Prof Giuseppe Battaglia (GB) is an ERC Consolidator grantee, and ICREA Research Professor. In 2019 GB was appointed senior group leader at the Institute of Bioengineering of Catalonia. GB also holds a chair in molecular bionics at the Department of Chemistry and Institute of Physics of Living System at the University College London. GB's position is 50/50 between ICREA/IBEC and UCL but will move 100% in Barcelona from 2022. GB was awarded the 2009 HFSP Young Investigator award, the 2011 APS/IoP Polymer Physics Exchange Award Lecture, the 2011 GSK Emerging Scientist Award, the 2012 Award for special contribution to Polymer Therapeutics, the 2014 RSC Thomas Graham Award Lecture, and the 2015 SCI/RSC McBain Medal for Colloid Science.
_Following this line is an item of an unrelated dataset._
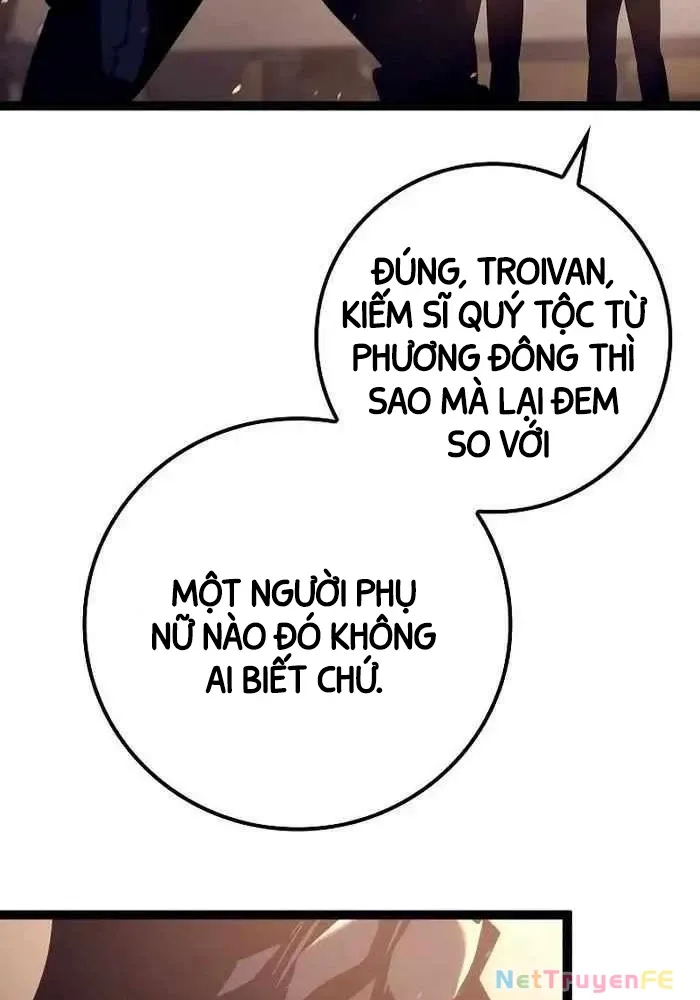 Chuyển Sinh Thành Con Ngoài Giá Thú Của Gia Đình Kiếm Thuật Danh Tiếng - Chapter 8 - Page 93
GB was awarded a prestigious EPSRC Established Fellowship in 2016, an ERC Starting Grant in 2011, and an ERC Consolidator in 2018. GB was elected a fellow of the Royal Society of Biology, the Royal Society of Chemistry, and the Institute of Materials, Minerals & Mining. GB has published over 130 peer-reviewed papers and been named inventor in 13 patents.

GB leads a strong team of chemists, physicists, mathematicians, engineers, and biologists who work alongside to design bionic units that mimic specific biological functions and introduce operations that do not exist in Nature. A constructionist approach mimics biological complexity in design principles to produce functional units from simple building blocks and their interactions; ​ this approach is Molecular Bionics. The GB group is particularly interested in how molecules, macromolecules, viruses, vesicles, and whole cells traffic across our body barriers. The group combines novel microscopic tools with theoretical and computational physics to study biological transport from single molecules, cell membranes, and whole organisms. The acquired knowledge is thus translated to bioengineer novel nanomedicines, combining soft matter physics with synthetic chemistry.